Take me over?
NAME
Lingua::ZH::CCDICT - An interface to the CCDICT Chinese dictionary
SYNOPSIS
use Lingua::ZH::CCDICT;
my $dict = Lingua::ZH::CCDICT->new( storage => 'InMemory',
file => '/path/to/ccdict.txt',
);
DESCRIPTION
This module provides a Perl interface to the CCDICT dictionary created by Thomas Chin. This dictionary is indexed by Unicode character number, and contains information about these characters.
As of version 3.2.0 of the dictionary, it was released under the Open Publication License v0.4, without either of the optional clauses. See the CCDICT licensing statement for more details. IANAL, but I believe that the OPL combined with the fact that this module is under the Artistic License, makes this module and the CCDICT dictionary fit both the Free Software and Open Source definitions.

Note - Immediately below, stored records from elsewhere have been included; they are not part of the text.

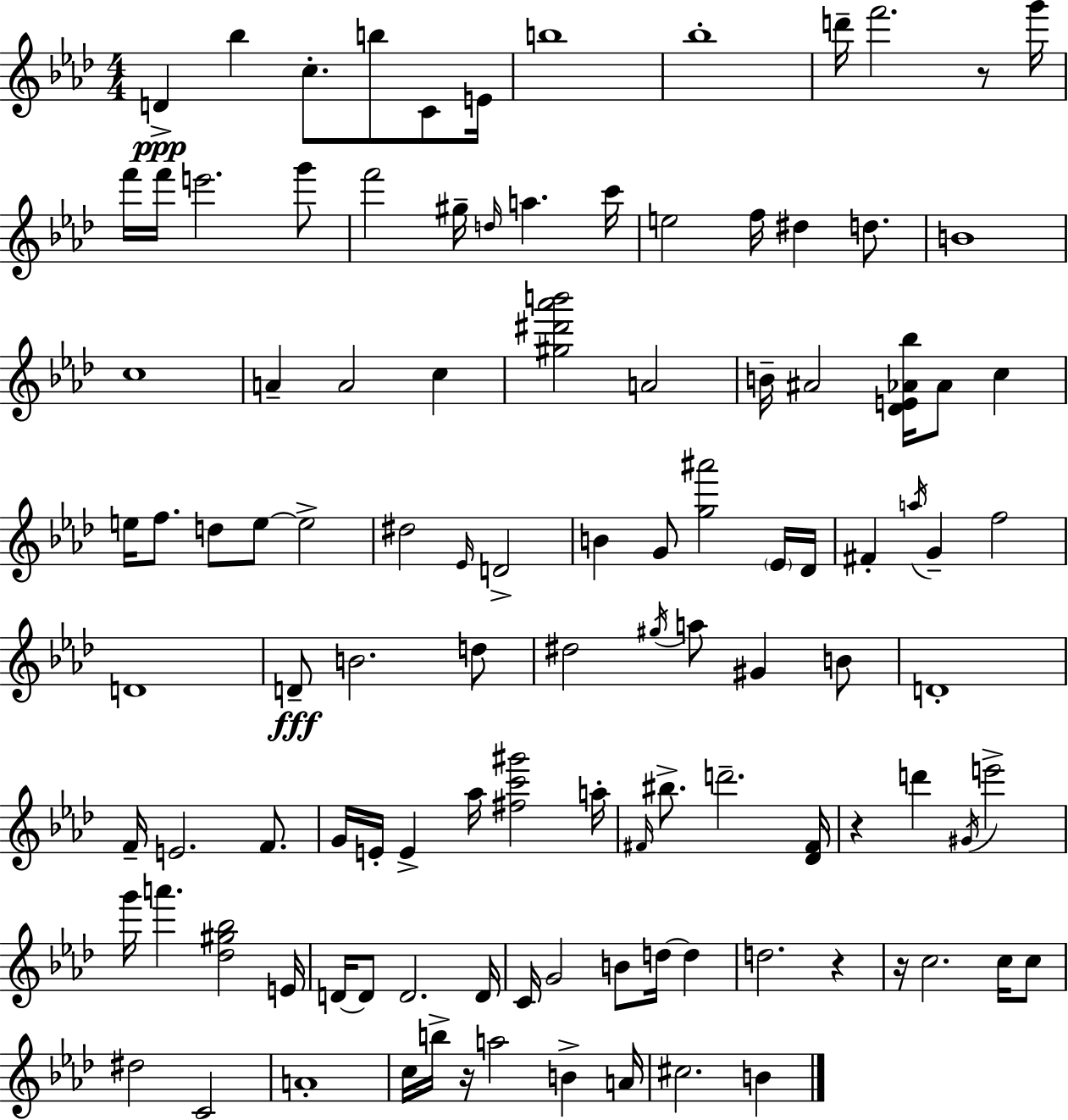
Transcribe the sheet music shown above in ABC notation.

X:1
T:Untitled
M:4/4
L:1/4
K:Ab
D _b c/2 b/2 C/2 E/4 b4 _b4 d'/4 f'2 z/2 g'/4 f'/4 f'/4 e'2 g'/2 f'2 ^g/4 d/4 a c'/4 e2 f/4 ^d d/2 B4 c4 A A2 c [^g^d'_a'b']2 A2 B/4 ^A2 [_DE_A_b]/4 _A/2 c e/4 f/2 d/2 e/2 e2 ^d2 _E/4 D2 B G/2 [g^a']2 _E/4 _D/4 ^F a/4 G f2 D4 D/2 B2 d/2 ^d2 ^g/4 a/2 ^G B/2 D4 F/4 E2 F/2 G/4 E/4 E _a/4 [^fc'^g']2 a/4 ^F/4 ^b/2 d'2 [_D^F]/4 z d' ^G/4 e'2 g'/4 a' [_d^g_b]2 E/4 D/4 D/2 D2 D/4 C/4 G2 B/2 d/4 d d2 z z/4 c2 c/4 c/2 ^d2 C2 A4 c/4 b/4 z/4 a2 B A/4 ^c2 B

The dictionary contains the following information, though not all information is avaialable for all characters.
Radical number
The number of the radical. Always available.
Index
The total number of strokes minus the number of strokes in the radical. Always available.
Alternate radical number and index
Actually, the dictionary defines a format for storing this information, but as of version 3.2.0 of the dictionary, it does not actually contain this for any characters.
Total stroke count
The total number of strokes in the character.
Cangjie
The Cangjie Chinese input system code.
Four Corner
The Four Corner Chinese input system code.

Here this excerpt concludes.